Als men aanneemt dat deinzen een causatief bij dit sterke werkwoord is, dus uit pgm. *þans-jan-, dan zou de spelling met -ei- veroorzaakt kunnen zijn door de positie voor een gedekte nasaal zoals in einde en zou het eventueel verwant zijn met deinen.
Mogelijk verwant met het sterke werkwoord onl. -thinson 'uitstrekken'; ohd. dinsan 'slepen, neerdrukken'; got. -þinsan 'trekken'; < pgm. *þins-, *þans- 'trekken, spannen'.
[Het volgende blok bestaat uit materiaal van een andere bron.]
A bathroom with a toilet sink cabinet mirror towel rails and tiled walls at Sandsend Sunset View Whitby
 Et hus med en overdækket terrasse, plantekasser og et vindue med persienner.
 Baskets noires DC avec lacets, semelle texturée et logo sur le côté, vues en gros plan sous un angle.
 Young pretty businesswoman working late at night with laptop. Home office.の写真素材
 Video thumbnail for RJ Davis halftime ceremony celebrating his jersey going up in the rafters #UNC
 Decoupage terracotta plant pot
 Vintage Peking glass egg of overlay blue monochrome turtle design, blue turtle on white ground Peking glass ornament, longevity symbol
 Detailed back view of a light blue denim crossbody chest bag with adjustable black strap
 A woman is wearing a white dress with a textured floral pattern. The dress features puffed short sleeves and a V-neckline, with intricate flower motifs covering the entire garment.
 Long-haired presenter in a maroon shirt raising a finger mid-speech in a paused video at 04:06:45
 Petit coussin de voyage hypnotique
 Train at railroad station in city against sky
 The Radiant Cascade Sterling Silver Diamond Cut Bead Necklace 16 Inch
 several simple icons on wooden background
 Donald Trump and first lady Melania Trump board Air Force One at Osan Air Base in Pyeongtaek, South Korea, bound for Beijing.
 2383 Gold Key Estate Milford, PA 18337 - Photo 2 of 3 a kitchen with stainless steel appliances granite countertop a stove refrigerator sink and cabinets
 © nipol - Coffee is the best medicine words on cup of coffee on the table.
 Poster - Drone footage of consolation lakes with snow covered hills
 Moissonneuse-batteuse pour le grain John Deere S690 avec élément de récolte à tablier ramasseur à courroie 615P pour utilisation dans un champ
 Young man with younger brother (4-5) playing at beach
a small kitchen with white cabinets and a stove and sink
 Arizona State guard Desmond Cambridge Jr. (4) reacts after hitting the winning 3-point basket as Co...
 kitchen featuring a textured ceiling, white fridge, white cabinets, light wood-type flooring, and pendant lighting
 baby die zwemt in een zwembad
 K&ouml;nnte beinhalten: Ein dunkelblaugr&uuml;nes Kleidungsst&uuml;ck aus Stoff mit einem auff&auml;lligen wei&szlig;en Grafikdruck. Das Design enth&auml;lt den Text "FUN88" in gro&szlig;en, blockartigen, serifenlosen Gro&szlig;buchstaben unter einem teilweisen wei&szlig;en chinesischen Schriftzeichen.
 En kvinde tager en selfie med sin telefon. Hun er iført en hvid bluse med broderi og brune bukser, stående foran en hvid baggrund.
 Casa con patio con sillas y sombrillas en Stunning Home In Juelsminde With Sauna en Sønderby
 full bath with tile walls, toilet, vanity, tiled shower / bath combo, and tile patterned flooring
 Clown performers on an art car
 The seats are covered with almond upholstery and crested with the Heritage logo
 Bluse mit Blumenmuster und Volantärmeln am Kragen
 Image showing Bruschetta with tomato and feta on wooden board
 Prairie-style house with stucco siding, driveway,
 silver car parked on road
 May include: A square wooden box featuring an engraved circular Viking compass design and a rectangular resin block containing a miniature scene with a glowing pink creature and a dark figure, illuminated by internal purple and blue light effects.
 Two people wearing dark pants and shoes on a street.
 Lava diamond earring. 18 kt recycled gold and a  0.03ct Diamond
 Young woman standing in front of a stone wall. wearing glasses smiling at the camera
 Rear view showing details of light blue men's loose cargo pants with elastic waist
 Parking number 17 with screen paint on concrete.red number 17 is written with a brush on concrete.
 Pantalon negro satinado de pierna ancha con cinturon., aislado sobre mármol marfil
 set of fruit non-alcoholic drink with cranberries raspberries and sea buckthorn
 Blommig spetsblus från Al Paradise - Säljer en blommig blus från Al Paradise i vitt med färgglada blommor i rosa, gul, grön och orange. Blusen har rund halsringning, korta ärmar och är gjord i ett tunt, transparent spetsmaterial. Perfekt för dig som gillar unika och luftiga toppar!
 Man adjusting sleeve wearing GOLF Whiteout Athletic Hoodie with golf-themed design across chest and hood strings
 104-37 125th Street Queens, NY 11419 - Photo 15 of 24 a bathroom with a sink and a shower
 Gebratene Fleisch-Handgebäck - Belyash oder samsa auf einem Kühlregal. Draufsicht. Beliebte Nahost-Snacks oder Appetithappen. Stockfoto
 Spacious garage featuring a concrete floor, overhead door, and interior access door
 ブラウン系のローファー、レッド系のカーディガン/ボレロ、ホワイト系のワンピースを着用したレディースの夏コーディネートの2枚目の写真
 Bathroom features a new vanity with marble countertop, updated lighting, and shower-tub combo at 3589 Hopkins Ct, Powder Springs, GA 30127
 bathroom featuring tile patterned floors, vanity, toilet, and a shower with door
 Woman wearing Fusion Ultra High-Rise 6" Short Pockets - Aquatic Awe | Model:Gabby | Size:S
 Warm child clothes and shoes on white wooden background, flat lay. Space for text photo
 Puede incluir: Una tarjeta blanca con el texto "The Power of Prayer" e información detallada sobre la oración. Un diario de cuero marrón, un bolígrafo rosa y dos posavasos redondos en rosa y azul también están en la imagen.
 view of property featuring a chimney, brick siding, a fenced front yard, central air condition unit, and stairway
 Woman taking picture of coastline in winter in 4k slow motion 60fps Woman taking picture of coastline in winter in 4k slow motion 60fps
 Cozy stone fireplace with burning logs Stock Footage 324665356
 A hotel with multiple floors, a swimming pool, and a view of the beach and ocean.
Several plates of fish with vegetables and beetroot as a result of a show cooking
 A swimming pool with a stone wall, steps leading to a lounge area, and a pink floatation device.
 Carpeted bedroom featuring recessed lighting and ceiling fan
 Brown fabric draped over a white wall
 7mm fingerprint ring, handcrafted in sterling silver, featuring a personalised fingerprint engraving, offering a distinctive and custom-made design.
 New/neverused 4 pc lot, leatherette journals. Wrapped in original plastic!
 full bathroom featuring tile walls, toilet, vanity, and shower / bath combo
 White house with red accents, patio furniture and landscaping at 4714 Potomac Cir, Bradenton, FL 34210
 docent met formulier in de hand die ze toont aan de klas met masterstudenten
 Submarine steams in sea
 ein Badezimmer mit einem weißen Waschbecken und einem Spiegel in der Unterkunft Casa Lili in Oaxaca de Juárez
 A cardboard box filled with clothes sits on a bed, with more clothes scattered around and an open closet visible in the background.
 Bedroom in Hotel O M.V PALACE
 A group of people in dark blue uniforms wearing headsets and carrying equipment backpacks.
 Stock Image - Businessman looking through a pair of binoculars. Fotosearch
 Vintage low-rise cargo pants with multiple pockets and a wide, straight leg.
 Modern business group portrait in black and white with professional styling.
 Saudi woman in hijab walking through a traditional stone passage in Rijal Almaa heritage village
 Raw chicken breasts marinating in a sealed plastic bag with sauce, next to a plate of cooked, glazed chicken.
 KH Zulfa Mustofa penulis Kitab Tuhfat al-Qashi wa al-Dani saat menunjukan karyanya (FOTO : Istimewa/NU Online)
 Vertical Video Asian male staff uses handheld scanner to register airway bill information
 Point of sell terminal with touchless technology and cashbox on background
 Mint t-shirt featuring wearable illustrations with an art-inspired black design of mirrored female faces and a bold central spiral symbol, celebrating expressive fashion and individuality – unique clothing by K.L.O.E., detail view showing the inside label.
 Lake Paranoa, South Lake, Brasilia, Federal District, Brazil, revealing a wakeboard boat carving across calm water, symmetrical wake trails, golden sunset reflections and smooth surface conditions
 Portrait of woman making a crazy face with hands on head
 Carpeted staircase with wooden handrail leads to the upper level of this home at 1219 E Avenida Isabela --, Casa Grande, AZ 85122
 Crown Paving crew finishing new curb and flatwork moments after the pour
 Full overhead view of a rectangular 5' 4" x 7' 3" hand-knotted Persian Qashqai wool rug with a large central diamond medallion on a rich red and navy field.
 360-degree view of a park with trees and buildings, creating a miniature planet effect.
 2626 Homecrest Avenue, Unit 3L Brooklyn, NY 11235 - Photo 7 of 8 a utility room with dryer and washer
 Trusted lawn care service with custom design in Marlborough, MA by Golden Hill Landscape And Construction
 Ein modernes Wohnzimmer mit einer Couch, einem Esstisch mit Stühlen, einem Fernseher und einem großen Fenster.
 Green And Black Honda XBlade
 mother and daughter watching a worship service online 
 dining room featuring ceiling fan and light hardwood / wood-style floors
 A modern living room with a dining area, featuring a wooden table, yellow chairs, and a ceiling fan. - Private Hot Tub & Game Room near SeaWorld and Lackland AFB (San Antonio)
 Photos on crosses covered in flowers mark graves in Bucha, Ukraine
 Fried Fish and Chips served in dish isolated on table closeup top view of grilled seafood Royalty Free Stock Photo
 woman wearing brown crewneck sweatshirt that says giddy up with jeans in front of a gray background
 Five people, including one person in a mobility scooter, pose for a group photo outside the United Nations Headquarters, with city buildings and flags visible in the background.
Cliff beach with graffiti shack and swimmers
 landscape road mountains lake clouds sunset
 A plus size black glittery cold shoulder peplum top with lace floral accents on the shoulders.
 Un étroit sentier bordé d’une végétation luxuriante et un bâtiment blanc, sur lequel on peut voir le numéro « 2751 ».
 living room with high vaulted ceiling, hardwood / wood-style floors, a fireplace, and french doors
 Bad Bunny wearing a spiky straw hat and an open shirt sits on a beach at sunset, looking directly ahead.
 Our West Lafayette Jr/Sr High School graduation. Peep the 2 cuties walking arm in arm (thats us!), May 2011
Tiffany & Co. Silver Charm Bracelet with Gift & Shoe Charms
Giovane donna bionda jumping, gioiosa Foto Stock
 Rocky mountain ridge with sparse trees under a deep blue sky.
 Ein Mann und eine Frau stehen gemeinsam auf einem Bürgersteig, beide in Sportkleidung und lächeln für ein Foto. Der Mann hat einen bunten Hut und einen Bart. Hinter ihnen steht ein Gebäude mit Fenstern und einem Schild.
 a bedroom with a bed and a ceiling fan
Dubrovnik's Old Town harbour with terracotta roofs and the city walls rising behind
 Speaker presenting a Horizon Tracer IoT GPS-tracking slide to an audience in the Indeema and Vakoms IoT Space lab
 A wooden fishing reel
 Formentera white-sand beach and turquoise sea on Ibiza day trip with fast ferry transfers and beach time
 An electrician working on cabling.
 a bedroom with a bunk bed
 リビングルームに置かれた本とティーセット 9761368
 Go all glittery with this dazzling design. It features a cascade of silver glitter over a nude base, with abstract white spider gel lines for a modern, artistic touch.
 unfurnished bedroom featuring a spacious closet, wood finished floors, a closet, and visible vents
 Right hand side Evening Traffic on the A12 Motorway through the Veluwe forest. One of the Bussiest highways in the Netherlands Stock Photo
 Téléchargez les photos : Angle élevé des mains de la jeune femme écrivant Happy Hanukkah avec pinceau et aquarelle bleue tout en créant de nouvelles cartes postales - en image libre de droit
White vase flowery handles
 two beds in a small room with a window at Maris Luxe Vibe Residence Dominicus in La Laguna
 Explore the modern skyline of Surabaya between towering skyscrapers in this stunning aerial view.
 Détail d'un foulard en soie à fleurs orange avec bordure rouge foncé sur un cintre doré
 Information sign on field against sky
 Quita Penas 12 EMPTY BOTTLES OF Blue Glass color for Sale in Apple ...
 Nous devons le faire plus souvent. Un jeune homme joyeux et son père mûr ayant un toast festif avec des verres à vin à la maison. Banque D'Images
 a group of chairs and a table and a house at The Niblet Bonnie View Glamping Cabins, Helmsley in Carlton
Een andere mogelijkheid is dat het woord secundair een -n- heeft gekregen en hetzelfde is als mnl. deisen 'huiveren, sidderen' (niet verwant met gedeisd). De herkomst van dit woord is onbekend. NEW denkt vanwege de beperkte verbreiding aan een substraatwoord, maar de betekenis maakt dat minder wrsch. In zulke woorden komen vaker optionele prenasalisaties voor (Kuiper 1995).